CG: The interconnectivity of the Internet can be great for meeting other people but it also means that you can bully from afar, without being explicit to that person’s face. The anonymity of the bully and that their criticism is made public makes bullying that much more cruel.
AM: One of the facets of moving into a cyber age is that we now have cyber-bullying. Five, ten years ago, that was unheard of. At the same time you have people using this as a new way to prevent suicides. Like having resources online or with Dan Savage’s “It Gets Better” project, in which he uses YouTube as a voice to tell people at risk that this isn’t the end now.
UR President Joel Seligman recently sent out a notice regarding the student population’s use of the website College ACB. Given that Clementi was criticized in a public forum on the Internet which bears similarities to ACB, do you have any thoughts on how this specifically may affect the GLBTQ population in Rochester?
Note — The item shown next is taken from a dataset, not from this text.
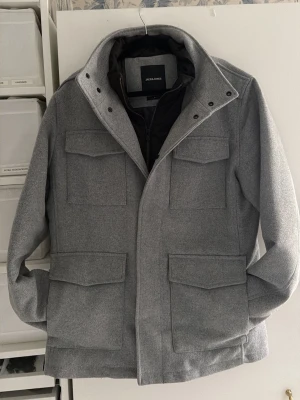 Grå rock från Jack & Jones - Snygg grå rock från Jack & Jones, andvänd en vinter inga defekter. Köpt för 3000 kr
MSD: I don’t think that the Internet is inherently a space for ridicule, but I have been on the website and I’ve seen some students who say, “I feel like I’m the only lesbian on campus, can anyone tell me where the rest of this community is?” It’s nice to be able to go on there and help these people who are genuinely trying to find others with similar backgrounds. But at the same time much of it gets drained out by the list of who is hot and who’s not.
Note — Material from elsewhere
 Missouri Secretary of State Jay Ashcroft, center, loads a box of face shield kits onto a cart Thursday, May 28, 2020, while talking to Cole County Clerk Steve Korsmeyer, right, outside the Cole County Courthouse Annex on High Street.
AM: I had never heard about it before today when I looked it up, but this is another issue we are facing as we move forums into public spaces. The Internet provides opportunities which weren’t available before, but it often gets out of control because it has no moderator. No one is controlling it, and in an anonymous environment you don’t have to be responsible for your behavior.
Do you feel that the undergraduate population is tolerant of the PRIDE community?
MSD: I think that, generally speaking, the administration is fairly tolerant of our organization. They are quick to work with us and to listen to our concerns and make the environment friendlier for the GLBTQ community. They may not understand our concerns sometimes, but they make an effort to listen to them.
CG: Clearly, much better than at some other places.
How will this recent publicity affect your organization’s agenda?
MSD: We are planning a vigil for the teen suicides on Oct. 20 to coincide with a Facebook campaign to wear purple on that day.
AM: We will also be passing out arm bands for students to wear acknowledge the deaths of those GLBTQ teens.
CG: Generally speaking, we are trying to take a more proactive approach in addressing the struggling community.
MSD: We are hoping to have call-in hours so students can speak to someone who is educated in these issues and has direct, personal experience in the subject.